Terörden medet uman, teröre destek veren, birliğimizi ve dirliğimizi bozan hiçbir eyleme bu aziz vatanda göz yumulmayacağını herkesin anlaması gerekiyor Seçilmiş olmak, seçilene suç işlemek ve hukuka uymamak imtiyazı tanımaz. Ancak bu süreçte alınan idari kararlar devlete ve hukuka olan itimadı sarsmamalıdır. Hukukun üstünlüğü esas alınmalı ve cezaları kesinleşmiş yargı kararlarına göre hareket edilmelidir. Haklarında herhangi bir yargı kararı olmayan yeni seçilmiş belediye başkanlarını görevden almak, halka “bu işler artık siyasetle, seçimle falan olmuyor” dedirtmekten başka bir işe yaramaz. Bu da PKK’ya hiç kimsenin veremeyeceği moral desteği vermek demek, o seçmen kitlesini siyaset dışı arayışlara itmek, PKK’nın ekmeğine yağ sürmek demek olur. Hatırlanacağı üzere, Leyla Zana’nın TBMM’de Kürtçe yemin etme teşebbüsünden sonra HEP’li milletvekillerinin Meclis çıkışında polis tarafından gözaltına alınış şekli bölgede ciddi duygu kırılmalarına yol açmıştı.
Görülen o ki, Kürt
oylar derin bir kimlik bilinci yaşıyor. Hakim ittifakın din soslu milliyetçilik
hikâyeleri fayda getirmiyor. Kürtlere yönelik bu kadar milliyetçi, otoriter bir
politika izlenmesi Kürtlerinin önemli bir kısmının AK Parti ve Erdoğan’a olan
sempatilerini azaltıyor. Başlangıçta AK
Parti daha babacan, daha kucaklayıcı bir devlet tavrı sergilemişti, ancak bugün
güvenlik politikalarına mahkûm edilen bir AK Parti söz konusudur. AK Parti’nin
altını oyan Bahçeli ve Soylu politikaları ile bu sorunun çözülemeyeceği artık
görülmelidir. Yapılan uygulamalar geniş Kürt topluluklarında nasıl bir izlenim
bırakıyor, nasıl bir duygu bölünmesine yol açıyor düşünülmesi gereken bir
konudur.
Ayrıca, seçimlerden 141 gün sonra ve yargı kararları olmadan kayyum atamakla, dünyaya “siyasi erk seçilmiş muhalifler görevden alıyor” görüntüsü vererek ülkenin hukuk imajını zedelediği gibi Türkiye karşıtlarına da propaganda malzemesi verilmiş oldu. Şer güçlerin bu tip olayları gerekçe göstererek “Kürt hamisi rolü”ne soyunmalarına fırsat vermemek gerekmektedir.

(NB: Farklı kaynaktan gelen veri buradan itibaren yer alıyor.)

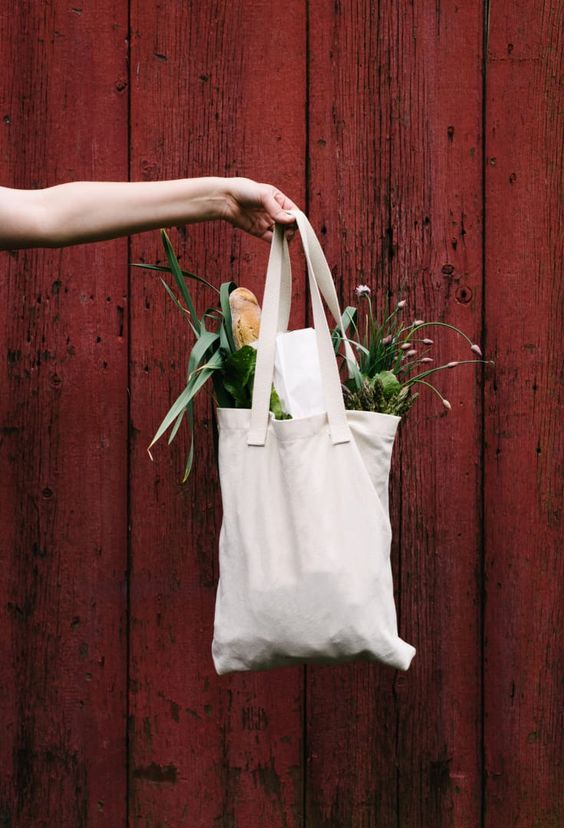 mindbodygreen's tweet photo. Fact: What you purchase at the grocery store has a significant impact on your life. But, have you thought about how it affects the planet? Here are some tips on how to be more conscious of what you’re putting on the table https://t.co/z8vvdgAlKU https://t.co/TlmEKYBUKj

Belediyelerin teröre kaynak aktarmasına elbette asla göz yumulamaz. Ancak başka Belediyelerde de rüşvet, iltimas, imar ve ruhsat yolsuzluklarına da engel olunmadı. Buralarda yaşanan haksızlık ve hukuksuzluklar, israf ve yandaş kayırmaları ayyuka çıktı. Kısacası bu kokuşmuş düzenden herkes nemalandı. Sen alan açarsan, rüşvet ve yolsuzluk çarkı oluşturursan, sui-misal olursan; o da kendi örgütünün finansmanında aynı yöntemleri kullanır. Hedefler farklı olabilir ama yöntemler hep aynı oldu ve terörle atbaşı giden ekonomik ve hukuki ahlaksızlık dağları aştı.

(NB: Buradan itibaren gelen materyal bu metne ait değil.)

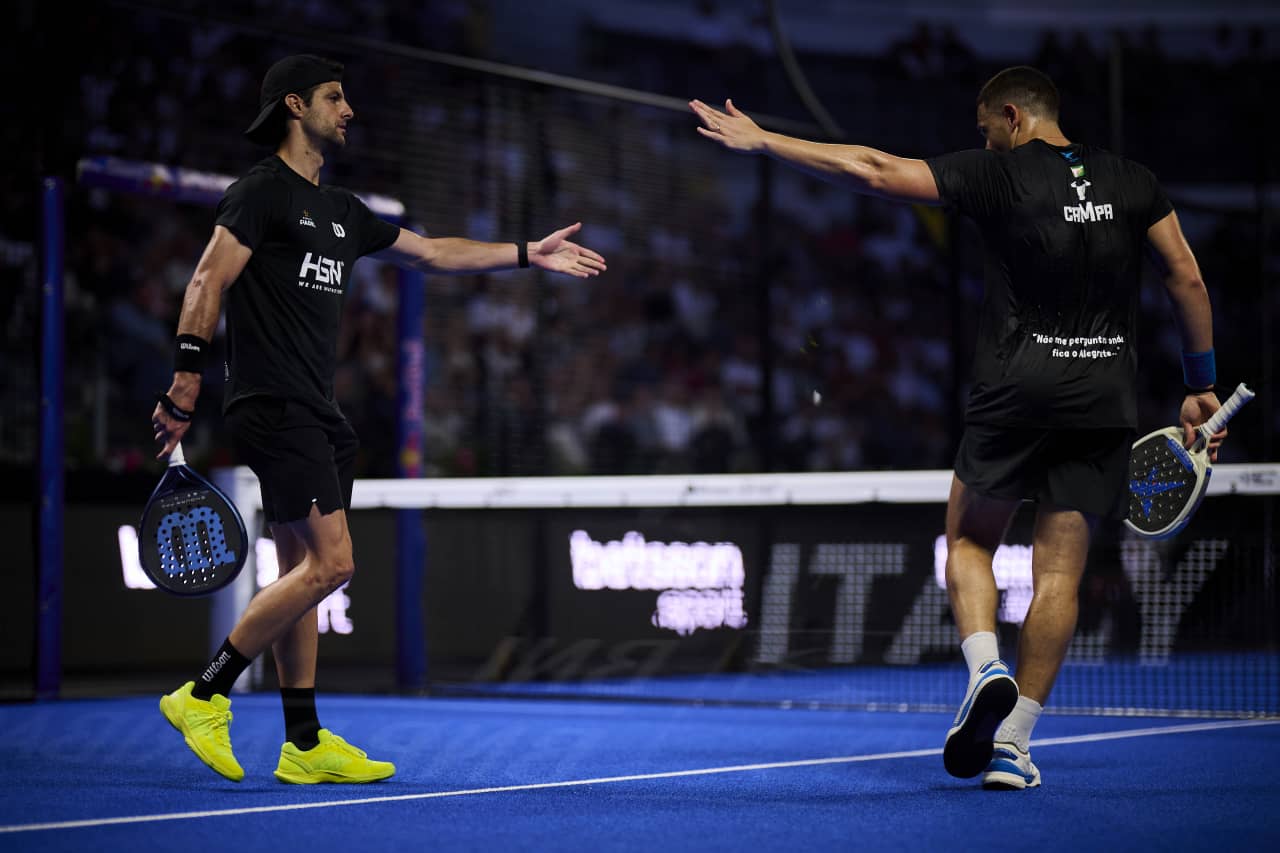 Momo y Campagnolo celebrando uno de sus puntos de los cuartos de Roma / PremierPadel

Tabii ülkemizde bir de çifte standart var. Bir CHP milletvekili Mısır'ın seçilmiş ilk Cumhurbaşkanı Muhammed Mursi’ye yapılan antidemokratik darbe ile ilgili paylaşımında, sandığı ve halk iradesini küçümseyen bir ifade biçimi kullanarak “Seçimle geldik diye kafa tutan Mursi üç günde gitti. Demokrasinin sandıktan ibaret olmadığını anlayabildi mi?” demişti. Bu muhterem, üç Belediye başkanının görevden uzaklaştırılmasını ise ''seçmen iradesinin gaspı'' olarak nitelendiriyor. Tutarsızlık diz boyu maalesef.
Ümmete Her Koldan Saldırılar Devam Ediyor - KEŞMİR
Hindistan'ın yarım
asırdan uzun süredir Cammu Keşmir'e özel statü tanıyan Anayasanın 370.
maddesinin 5 Ağustos'ta iptalinin ardından bölgenin içinde bulunduğu durum ve
geleceğiyle ilgili gerilim sürüyor. Sıcak gelişmelerin yaşandığı Cammu
Keşmir'de keyfi göz altıların yapıldığı, güvenlik güçlerinin orantısız güç
kullandığı, kamuya açık toplantıların yasaklandığı, okulların kapatıldığı,
mobil ağlara ve internete kısıtlama getirildiği bildiriliyor. Topraklarının
büyük bir kısmı Hindistan işgali altında olan Keşmir'de insani bir kriz kapının
eşiğindedir. Hindistan'ın kabul edilemez uygulama ve kararlarıyla Müslümanların
zaten zor şartlarda yaşadığı Keşmir bir ateş hattı olma yolunda ilerlemektedir.
Keşmir sorunu, İngiliz
sömürgesinden kurtulan Hint Yarımadası'nda Pakistan ve Hindistan'ın iki ayrı
ülke olarak Ağustos 1947'de bağımsızlıklarını ilan etmesiyle başladı. İngilizler
1947'de Hindistan'dan çekilirken, Müslümanların çoğunlukta olduğu bölgeyi
Pakistan’a, Hintlilerin yoğun olduğu bölgeyi de Hindistan’a vermişler, Keşmir
bölgesinin hangi tarafta kalacağını ise, Keşmir halkının buna karar vereceği
bir referandumun sonucuna bırakmışlardı. Nüfusunun yüzde 90'ı Müslüman olan
Keşmir halkı, 1947'de Pakistan'a katılmaktan yana tavır alsa da dönemin prensi,
Hindistan ile birleşmeye karar vermiş, ancak karara Müslüman Keşmir halkı karşı
çıkmıştır. O günden bugüne kadar bu bölgede sürekli çatışmalar yaşanmış ve on
binlerce Müslüman katledilmiştir.
1 Ocak 1949'da
Birleşmiş Milletler arabuluculuğunda imzalanan anlaşmaya göre iki ülke de
askerlerini geri çekecek, Birleşmiş Milletler gözetiminde yapılacak
halkoylamasıyla Keşmir'in geleceği karara bağlanacaktı. Ancak Hindistan, anlaşma maddelerine hiçbir zaman uymadı.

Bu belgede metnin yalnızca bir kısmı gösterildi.